Читать «Вода для пулемета» онлайн - страница 6

Геннадий Никитович Падерин

— На что толкаешь?

— Не толкаю — втолковываю…

Я разнял веки. Рожица исчезла. Сказка кончилась. Началась реальная жизнь. А в реальной жизни меня захлестывало половодье окончательно вышедшего из берегов аппетита.

Что было дальше? Дальше я быстро-быстро и уже не на ощупь собрал автомат, повесил на шею, схватил вместе с шинелью котелок и, стараясь не встретиться взглядом с расположившимися на опушке парнями, поспешно скрылся в своей палатке.

В палатке, где спал Фанька.

И здесь, у Фаньки за спиной, безоглядно запродал душу ненасытным ложко-циклам.

3

Подступила моя очередь в караул. Пост достался бесхлопотный — у бака с питьевой водой.

Ночь прошла спокойно, лишь перед рассветом сильно продрог. Сменившись, приложился к фляжке — глотнул спирта из нашего с Фанькой НЗ.

И уснул, точно после похода.

…Ничего не могу понять: отпускает, видите ли, нас с Фанькой командование на побывку в родные края. За подвиг, который будто совершили, но подробности которого как бы «за кадром». Главное, что нас доставляют на личном самолете командующего фронтом в дорогой моему сердцу Новосибирск.

Мама!

Мама, родные, друзья.

Застолье…

Хлеб — много хлеба, порезанного довоенными ломтями и разложенного на ивовых плетенках; в окружении плетенок — метровое блюдо дымящихся пельменей, рядом, на противне — целиком зажаренный поросюшечка, за ним — артельная сковорода с карасями в сметане, а обочь — холодец, холодец, холодец, холодец.

«Ну, брат, — говорю Фаньке, — давай скорее за стол, а то израсходую весь, отмеренный на жизнь, запас слюны!»

А он мне:

«Разве ты его уже не израсходовал на твои ложко-циклы?»

А сам грустный, грустный.

Все вокруг прекращают хлопотать над тарелками, смотрят на меня — ждут, что отвечу. Только не успеваю ничего сказать, кидается ко мне мама, заслоняет от глаз людских, плачет:

«Не его — меня осуждайте, это я сыночка таким обжорой без стыда, без совести вырастила…»

Тут Фанька говорит:

«Все мы горазды за матерей прятаться, а ты сам умей ответ держать, поднимись, скажи людям… Поднимайся, поднимайся… Да поднимайся же, черт тебя дери совсем!»

И за руку — дерг!

Просыпаюсь: надо мною и в самом деле склонился Фанька.

— Старшина объявил, — сообщает, — через полчаса выступаем на передовую.

Я чуть не разревелся:

— Даже холодца из-за тебя не попробовал!

Поскорее закрыл глаза, пытаясь хотя бы на минуту восстановить удивительное видение и жалея почему-то не о поросенке или пельменях, не о карасях в сметане, а именно о холодце. Может, потому, что по установившейся традиции с него начинается у нас в Сибири любое застолье.
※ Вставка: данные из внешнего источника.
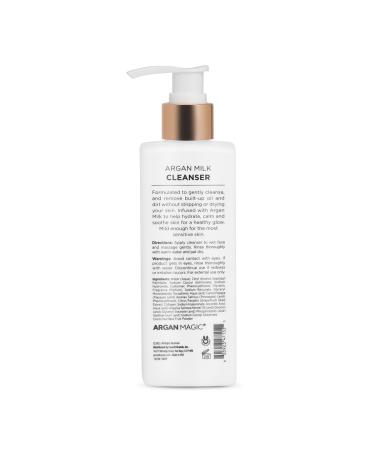 Argan Magic Hydrating Argan Milk Cleanser | Gentle Oil & Dirt Removal | Paraben & Cruelty Free | Made in USA (8 Fl Oz - Buy Online on SooperMarket.com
— Дома побывал? — догадался Фанька — Брось, не переживай, наяву котелок с супом ждет.

Глянул — возле изголовья наш котелок и кучка сухарей. И моя ложка.

— Ну же, — подстегнул Фанька. — А то не успеем собраться.

— Без нас не уйдут, — хмыкнул я, склоняясь над котелком.

И как обожгло: уровень оставленного Фанькой супа заметно превышал «ватерлинию». Да, заметно. Недаром сразу ударило по глазам.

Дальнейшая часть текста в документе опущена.